◆ **Exercise goal**:
Search term "empty": copy each line of the data containing it.

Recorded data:

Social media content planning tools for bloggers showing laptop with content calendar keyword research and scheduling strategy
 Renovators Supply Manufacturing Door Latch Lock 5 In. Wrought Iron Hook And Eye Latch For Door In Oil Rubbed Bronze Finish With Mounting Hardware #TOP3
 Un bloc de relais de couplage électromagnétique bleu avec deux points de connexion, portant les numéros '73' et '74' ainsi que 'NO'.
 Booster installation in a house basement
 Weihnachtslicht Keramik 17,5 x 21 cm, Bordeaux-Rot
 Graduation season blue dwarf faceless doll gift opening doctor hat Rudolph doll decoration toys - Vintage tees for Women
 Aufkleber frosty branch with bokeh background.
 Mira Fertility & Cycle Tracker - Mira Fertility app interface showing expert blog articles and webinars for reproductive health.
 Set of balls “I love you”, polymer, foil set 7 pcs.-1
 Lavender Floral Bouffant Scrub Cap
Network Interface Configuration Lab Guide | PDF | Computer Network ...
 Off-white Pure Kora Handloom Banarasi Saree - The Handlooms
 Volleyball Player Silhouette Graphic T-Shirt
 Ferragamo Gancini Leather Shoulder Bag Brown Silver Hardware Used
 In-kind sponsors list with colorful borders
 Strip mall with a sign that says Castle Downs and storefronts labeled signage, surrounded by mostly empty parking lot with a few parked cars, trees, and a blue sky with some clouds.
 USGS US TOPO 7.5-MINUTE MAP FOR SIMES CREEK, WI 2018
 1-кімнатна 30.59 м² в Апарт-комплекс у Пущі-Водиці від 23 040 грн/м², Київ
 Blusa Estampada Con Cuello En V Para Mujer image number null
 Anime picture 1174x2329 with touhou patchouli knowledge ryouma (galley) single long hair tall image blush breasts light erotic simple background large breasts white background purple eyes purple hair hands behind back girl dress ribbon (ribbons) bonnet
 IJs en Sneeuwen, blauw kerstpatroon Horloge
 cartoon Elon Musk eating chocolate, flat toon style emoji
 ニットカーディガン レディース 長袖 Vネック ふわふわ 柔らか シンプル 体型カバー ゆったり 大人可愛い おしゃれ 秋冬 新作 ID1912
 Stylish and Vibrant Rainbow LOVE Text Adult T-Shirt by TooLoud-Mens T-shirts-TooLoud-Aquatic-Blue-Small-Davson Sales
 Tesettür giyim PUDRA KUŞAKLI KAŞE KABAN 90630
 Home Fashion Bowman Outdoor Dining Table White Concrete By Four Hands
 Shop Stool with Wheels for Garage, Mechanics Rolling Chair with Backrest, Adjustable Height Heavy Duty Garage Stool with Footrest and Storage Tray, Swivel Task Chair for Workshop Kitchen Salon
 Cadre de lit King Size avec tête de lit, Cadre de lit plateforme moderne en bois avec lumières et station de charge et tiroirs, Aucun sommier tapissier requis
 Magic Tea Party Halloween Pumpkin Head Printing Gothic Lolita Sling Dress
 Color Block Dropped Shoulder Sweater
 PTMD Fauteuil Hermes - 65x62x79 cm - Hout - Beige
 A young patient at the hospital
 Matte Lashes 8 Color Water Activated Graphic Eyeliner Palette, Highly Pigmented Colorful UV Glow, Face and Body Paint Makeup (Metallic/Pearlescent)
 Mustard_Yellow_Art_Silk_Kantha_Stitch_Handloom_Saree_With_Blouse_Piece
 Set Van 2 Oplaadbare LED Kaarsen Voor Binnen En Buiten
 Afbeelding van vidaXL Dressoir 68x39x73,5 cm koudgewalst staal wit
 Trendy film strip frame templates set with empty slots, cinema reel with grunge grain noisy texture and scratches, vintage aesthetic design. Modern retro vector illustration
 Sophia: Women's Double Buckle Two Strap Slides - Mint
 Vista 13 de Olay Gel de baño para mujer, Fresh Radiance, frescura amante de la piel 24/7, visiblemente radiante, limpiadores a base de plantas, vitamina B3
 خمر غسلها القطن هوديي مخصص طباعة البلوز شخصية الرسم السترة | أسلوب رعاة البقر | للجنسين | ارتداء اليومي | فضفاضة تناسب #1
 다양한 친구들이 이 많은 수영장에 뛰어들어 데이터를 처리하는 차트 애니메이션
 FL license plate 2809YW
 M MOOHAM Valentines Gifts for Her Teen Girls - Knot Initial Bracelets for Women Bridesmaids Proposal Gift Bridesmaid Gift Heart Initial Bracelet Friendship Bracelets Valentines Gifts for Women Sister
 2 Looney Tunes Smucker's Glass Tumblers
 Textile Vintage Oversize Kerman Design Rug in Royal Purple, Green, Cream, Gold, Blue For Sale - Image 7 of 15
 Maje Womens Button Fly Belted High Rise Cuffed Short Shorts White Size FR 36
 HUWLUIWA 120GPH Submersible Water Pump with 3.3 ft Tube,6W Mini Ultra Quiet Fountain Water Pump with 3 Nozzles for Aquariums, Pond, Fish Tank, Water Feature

◆ **Exercise answer**:
 Strip mall with a sign that says Castle Downs and storefronts labeled signage, surrounded by mostly empty parking lot with a few parked cars, trees, and a blue sky with some clouds.
 Trendy film strip frame templates set with empty slots, cinema reel with grunge grain noisy texture and scratches, vintage aesthetic design. Modern retro vector illustration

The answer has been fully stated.